Probabile a breve il decreto della Procura di chiusura delle indagini preliminari e le consequenziali richieste al Gip.
Salvataggio Astaldi, Gatti si dimette dal cda di Intesa: l’attestatore del piano e indagato dalla Procura – Business Insider Italia
di
Giuliano Balestreri
Corrado Gatti, consigliere indipendente di Intesa Sanpaolo, ha rassegnato le dimissioni dal cda della banca con decorrenza immediata. L’amministratore, componente del Comitato per il Controllo sulla Gestione di Intesa Sanpaolo, ha addotto “ragioni personali”, ma in precedenza si era autosospeso “dal 13 dicembre al 31 marzo 2020 per ragioni di opportunità e personali connesse alla volontà di preservare la propria serenità e quella del cda e del Comitato in relazione al coinvolgimento personale nelle vicende riguardanti la procedura concordataria di Astaldi”.

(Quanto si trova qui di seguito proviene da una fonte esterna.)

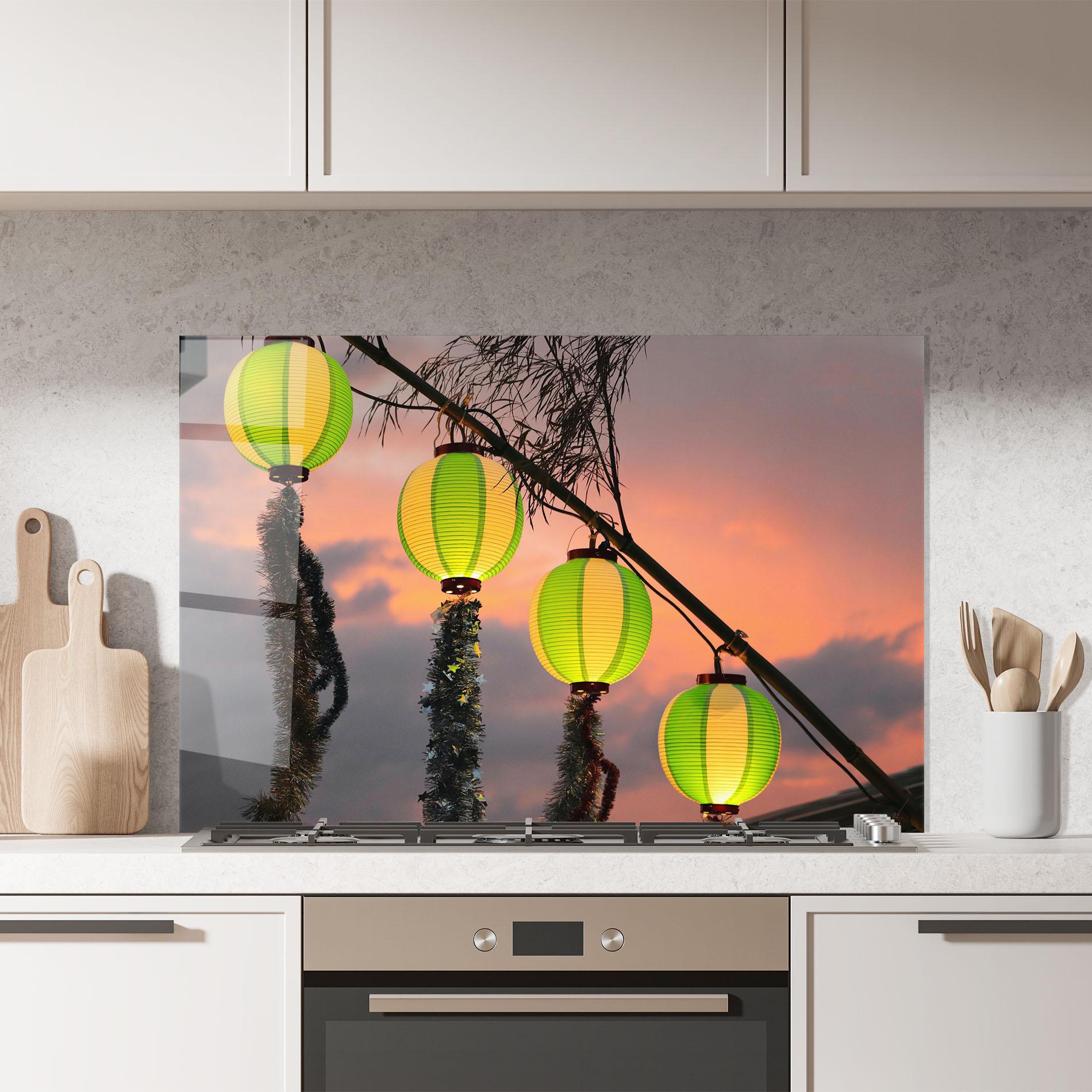 Panou Sticla Bucatarie Green Lights mockup 7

Insieme agli ex commissari Astaldi, Francesco Rocchi e Stefano Ambrosini, Gatti è indagato per corruzione in atti giudiziari. Non solo, la sua era una posizione particolarmente delicata e imbarazzante dal momento che era l’Attestatore del piano concordatario di Astaldi, mentre Intesa Sanpaolo è uno dei creditori maggiormente esposti verso Astaldi. Ed era stato proprio il suo doppio ruolo ad aver sollevato parecchi dubbi tra gli obbligazionisti che denunciano di essere – di fatto – i soli a pagare per il salvataggio della società.

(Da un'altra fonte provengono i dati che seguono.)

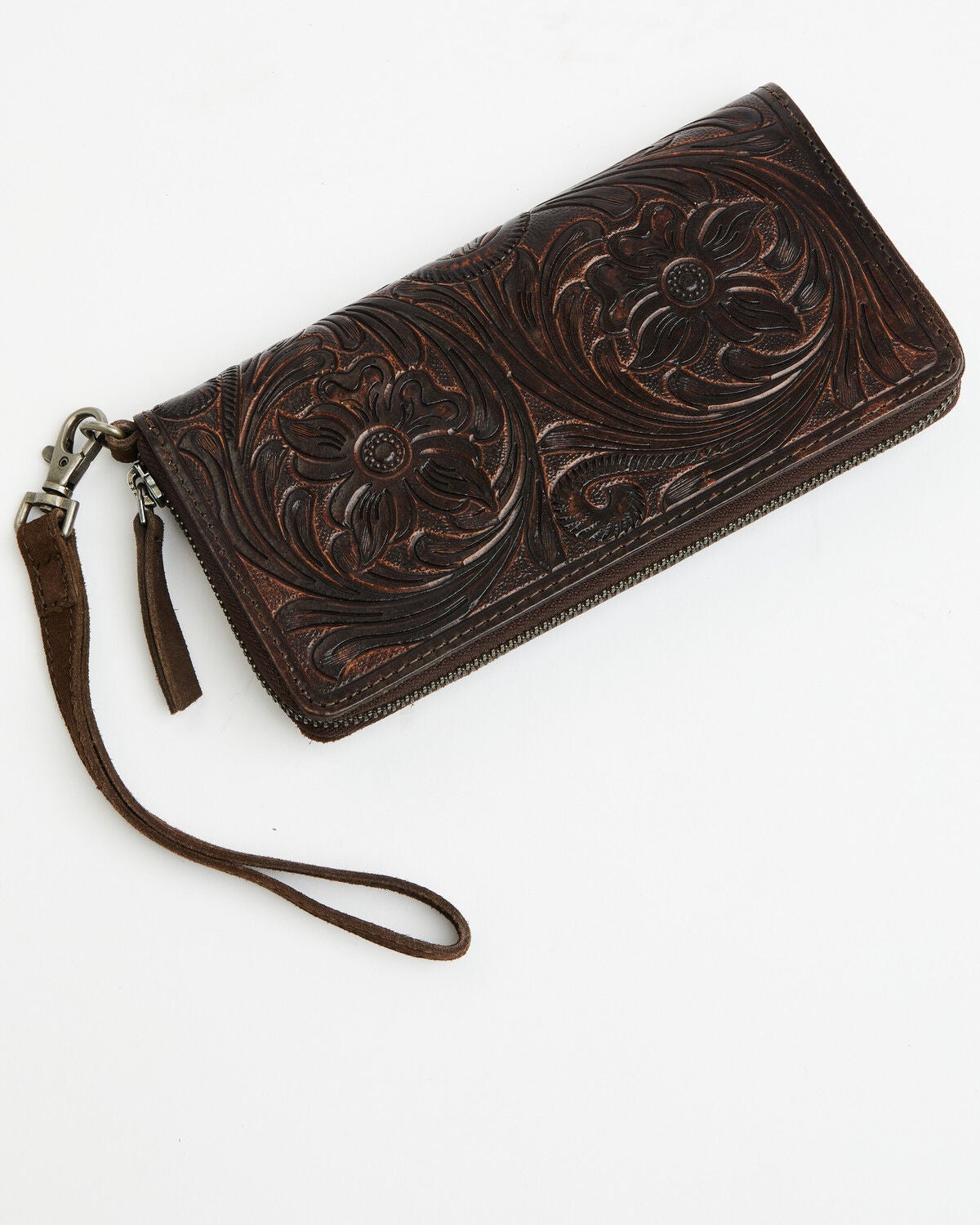 Image #2 - Shyanne Women's Riley Full Zip Tooled Leather Horse Bit Wallet, Dark Brown, hi-res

Motivo per cui l’operazione resta tutta in salita. Secondo gli obbligazionisti che hanno sottoscritto 890 milioni di bond in due tranche (da 750 e 140 milioni di euro), il salvataggio di Astaldi, propedeutico alla nascita di Progetto Italia, sarebbe tutto sulle loro spalle: chi ha investito per sostenere la crescita del gruppo vedrebbe falciate le proprie quote. E dunque il danno oltre la beffa per quegli stessi investitori che un anno fa scoprirono dall’oggi al domani che l’azienda aveva chiesto il concordato preventivo. Un fulmine a ciel sereno perché a dispetto delle evidenti difficoltà in Venezuela e Turchia, l’azienda romana ripeteva che tutto andava bene.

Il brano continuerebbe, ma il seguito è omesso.